I feel that these complaints reflects a misunderstanding about chowhounding (lower case "c"....there are plenty of chowhounds in the world who've never heard of this place), and how such sites serve that pursuit. I thought I'd give my perspective.
Chowhounding, to me, is all about winnowing. There are a zillion restaurants, and I want to find a good one. I walk/drive around, using various strategies to winnow until The One appears.
Eateries themselves are almost entirely mindless fluff. 95% are unthinkable. Even among the remaining more-or-less-satisfactory 5%, few are truly worth seeking out. It's a huge winnowing project. And there is no resource that can do ALL the winnowing for you - i.e. offer you a direct sure-fire connection to The One. For one thing, The One might have lost its chef....or be having a bad day...or have landmines on the menu....or simply not be to your taste or adequately supply the sort of experience currently craved.
Chowhound.com (capital "C"!) was never about telling you where to eat. It's simply an advanced winnowing tool for your arsenal, and it was always assumed that you LIKE to do this winnowing. Whatever Yelp's intentions, in the right hands it, too, can be an effective chowhounding tool, because it also helps winnow, even though there's way way more there you have to winnow through (more bathwater but also more babies). It can help you cut down the field without leg work. NEVER eat where they tell you to eat! That's a newbie mistake! Just use the tool to gather raw/crude candidates for your own subsequent smart winnowing! And if you imagine for a second that you can gather candidates just as quickly/efficiently within the actual real world landscape, you're seriously deluded. You just can't! And that's why it's a useful chowhounding tool, albeit a crappy recommendation engine.

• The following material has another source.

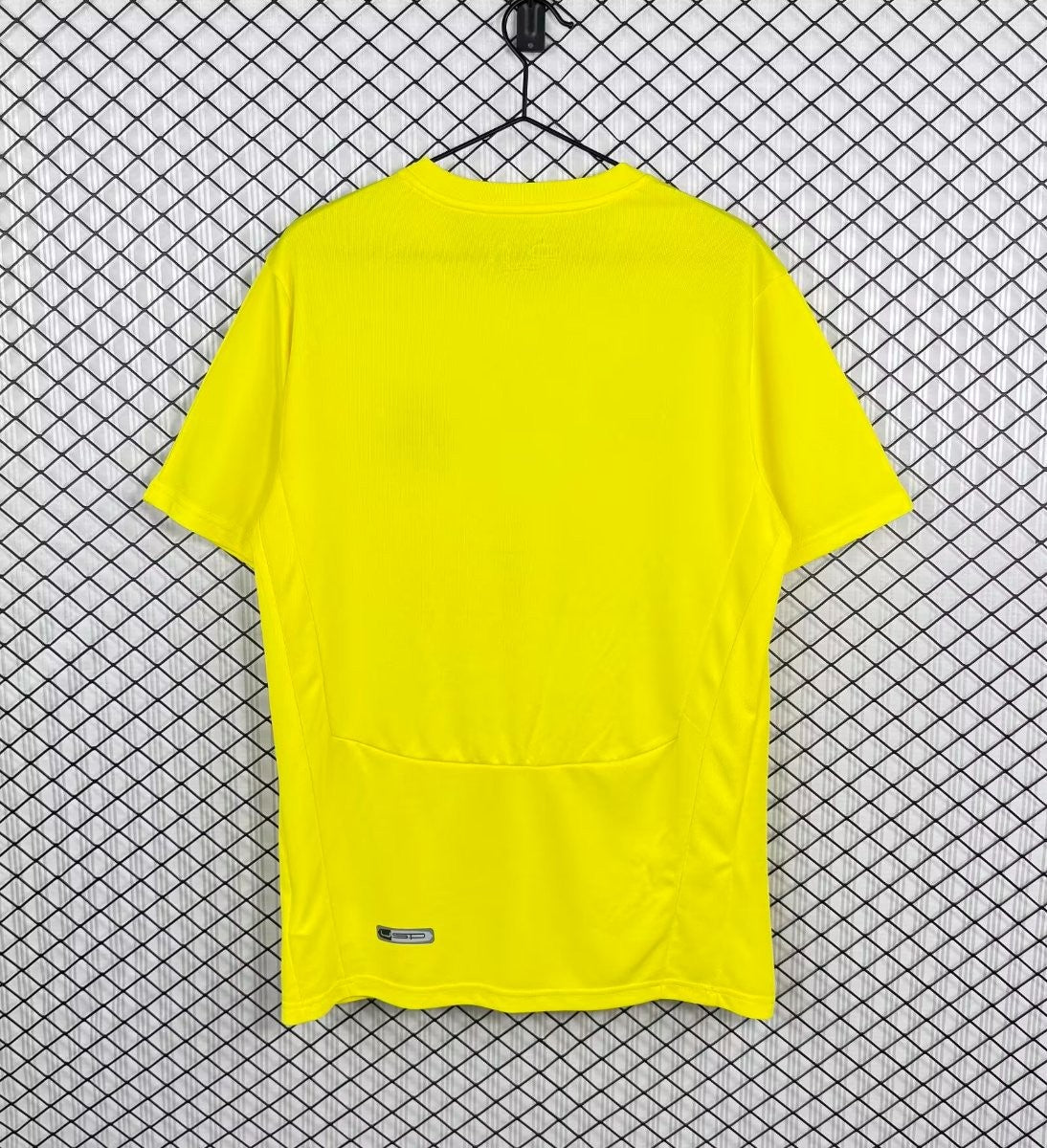 Retro 08/09 Villarreal CF Home Shirt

Food web sites (and guide books, and blogs, and etc. etc.) aid your winnowing. They are not about telling you where to eat. It's your job to winnow the raw/crude candidates once you've meta-winnowed other people's winnowing. You can't escape the winnowing. And why would you want to? That's the fun and the challenge of chowhounding!
This is key: neither site is nearly as random and raw as the actual landscape. If you conceive and use these tools in that light, you'll get much more value out of them, IMO.
I also offered some specific tips for using Yelp, which I'll repeat. Someone commented that while Yelp might have good tips in some places, it's a total loser in Philadelphia. I replied that the pockets of value on Yelp are not a function of city-by-city. It's finer-grained than that, and there are lots of very different constituencies using the site. For example, any Asian or South Asian restaurant (or take-out spot) near any reasonably large sized University with a grad school will be reliably reviewed and rated on Yelp. Same for places of a given nationality in a neighborhood hosting an insular community of that nationality. Never use Yelp for mainstream types of places (slice pizza, takeout chinese, italian delis, famous places)***
One uses ones chowhounding skills to psyche out the sorts of places that will be smartly reviewed on Yelp, and to find the smart reviewers. Online or off, it's all about winnowing, and whenever I fail to winnow successfully, I blame my own winnowing - aka chowhounding - skills, rather than the data pool.
***- EXCEPT: definitely do look at the food pictures for such places (just ignore ratings/reviews). I voraciously scout through food pics on Yelp. It's easy to quickly spot ordinary looking slices and dry tacos in spite of rave reviews. It's also easy to find great looking food in underrated places (everyone knows Yelp overrates, but it's useful to remember that they also underrate).